_YOUR INSTRUCTIONS_.
Pictures must be left out. Retype exactly the lines from the one containing "VW Polo 6R Sidespejl" through the last line of the records below.

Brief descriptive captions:
"""
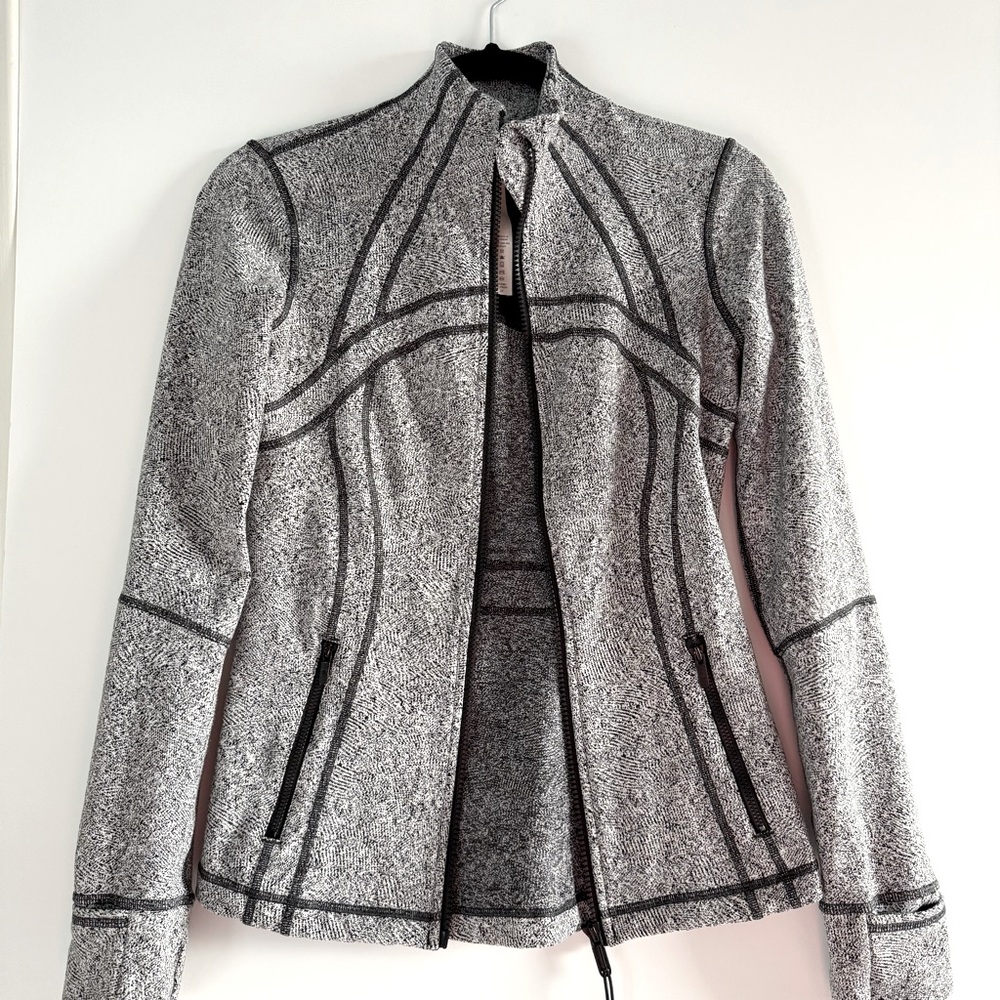 lululemon athletica Gray Utility Jacket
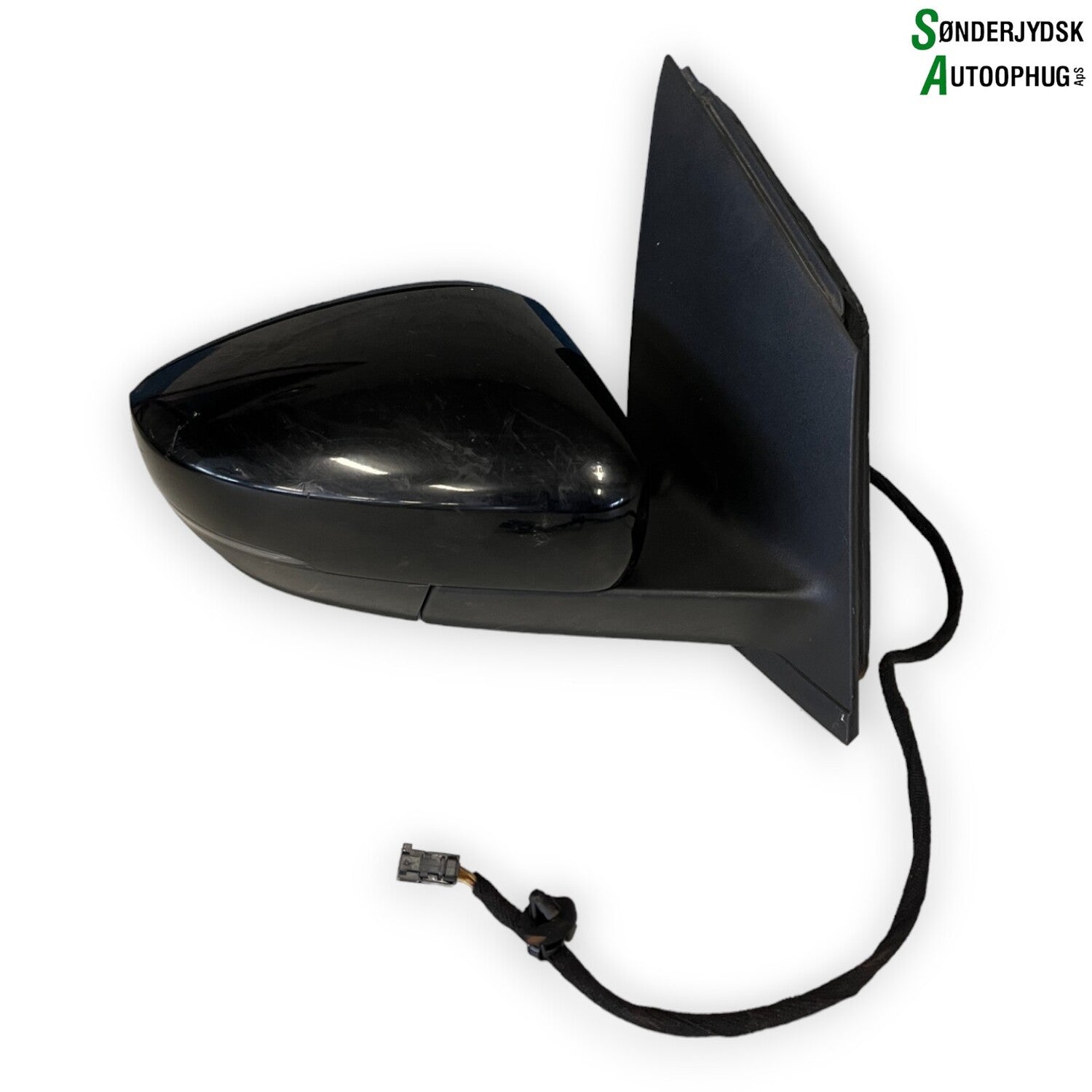 VW Polo 6R Sidespejl Med OEM Nr. 6C1857508A9B9 Fra VW Ophugger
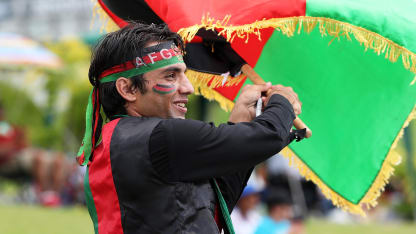 WATCH: Meet Rahim - Afghan super fan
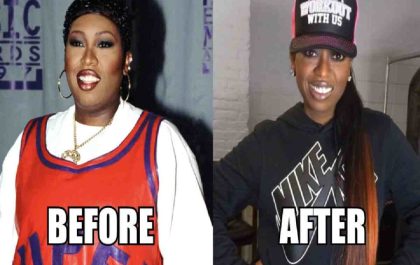Missy Elliott Lose Much Weight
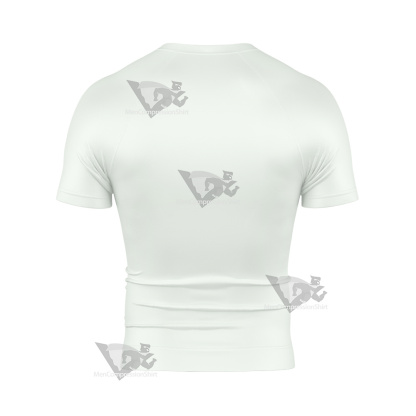 Zatch Bell Parco Folgore Green Cosplay Short Sleeve Compression Shirt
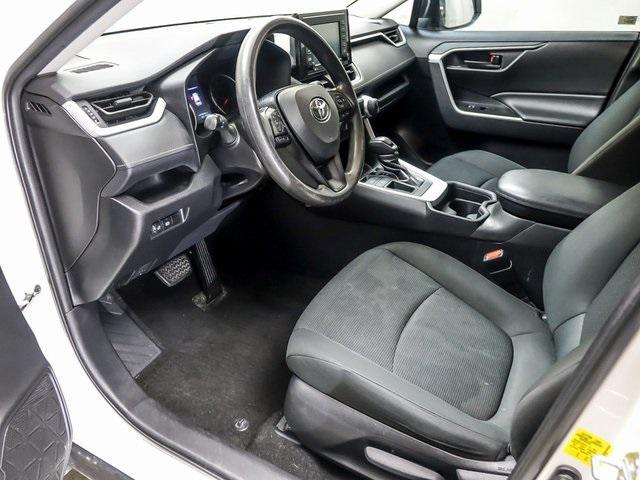 used 2021 Toyota RAV4 car, priced at $25,973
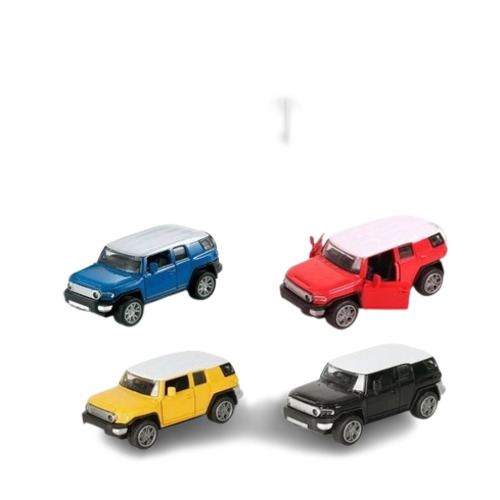 Alloy Toy Car - Color: Black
"""
_RESULT FOR THIS EXERCISE_.
 VW Polo 6R Sidespejl Med OEM Nr. 6C1857508A9B9 Fra VW Ophugger
 WATCH: Meet Rahim - Afghan super fan
Missy Elliott Lose Much Weight
 Zatch Bell Parco Folgore Green Cosplay Short Sleeve Compression Shirt
 used 2021 Toyota RAV4 car, priced at $25,973
 Alloy Toy Car - Color: Black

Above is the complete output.